ASHLAND, Ore. – Oregon has recently approved the City of Ashland’s Housing Production Strategy, marking a first for the state when it comes to the homeless crisis.
“Although the city of Ashland has had a long history of adopting housing policies, we’re still facing unmet housing needs,” said Ashland community development director Brandon Goldman.
House Bill 2001 was passed by the Oregon legislature earlier this year. It requires cities with a population higher than 10 thousand people to develop an eight-year housing strategy plan aimed at providing more affordable housing.
“It really was encouraging local governments to take proactive steps to address housing affordability and availability.”
Goldman says this plan focuses heavily on addressing the housing crisis for low and middle income households.
“One of the key strategies identified through the public process was looking at how do we preserve existing affordable housing, such as people that are living in manufactured home parks.”
Goldman says the city is looking into a new ordinance that will designate manufactured home parks as a housing type, discouraging developers from replacing it with something else.
Goldman says over the next 20 years, the city will need around 900 new residential units.
He says with this plan, changes will gradually happen to try and meet that need.
“The plan developed looks at what are we going to be investigating over the next eight years.”

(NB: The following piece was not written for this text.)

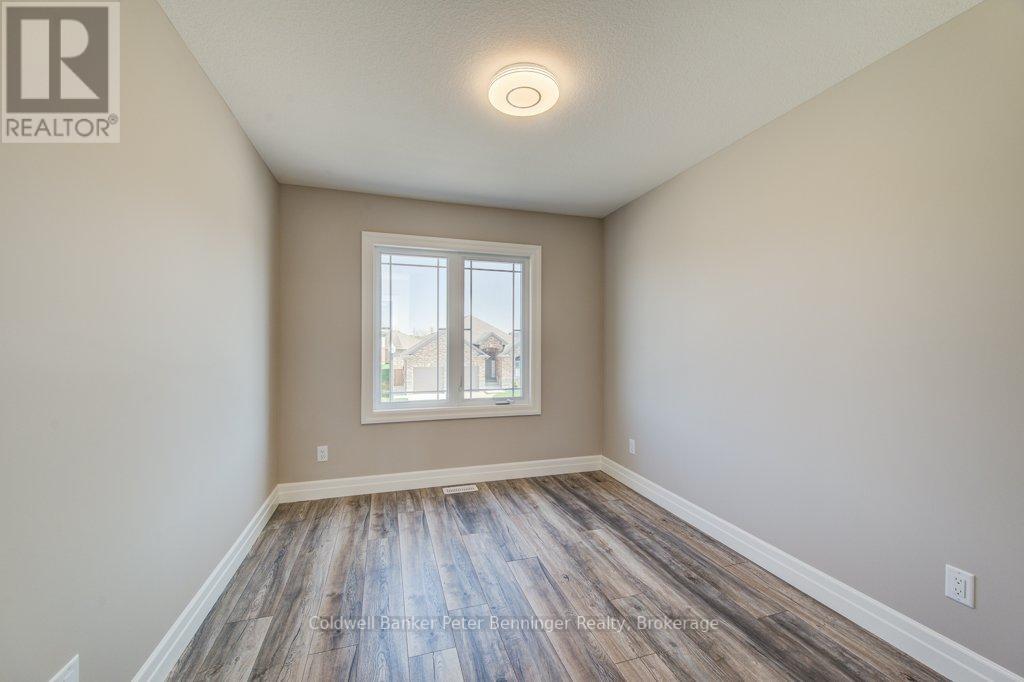 240 Keeso Lane, North Perth, Ontario  N4W 0C3 - Photo 30 - X12097645
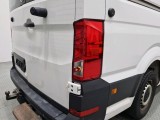  Volkswagen  Crafter Volkswagen  2.0 TDI EU6 35 177PS 3640 H1 HA Entry 4d #39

One of those changes is the Construction Excise Tax, which is expected to roll out in 2025.
Goldman says this tax would be used to provide funding for the development of affordable housing.
“This has been done in other communities such as Medford,” he explained. “It’s not new within our region but something Ashland has not yet gone through the process of evaluating and determining what impact that might have.”
The City plans to start rolling out the first phase of this plan as early as next year.
Many other cities are in the process of completing their own housing production strategy, including Medford and Grants Pass.
Approvals for those strategies are expected to come in the near future.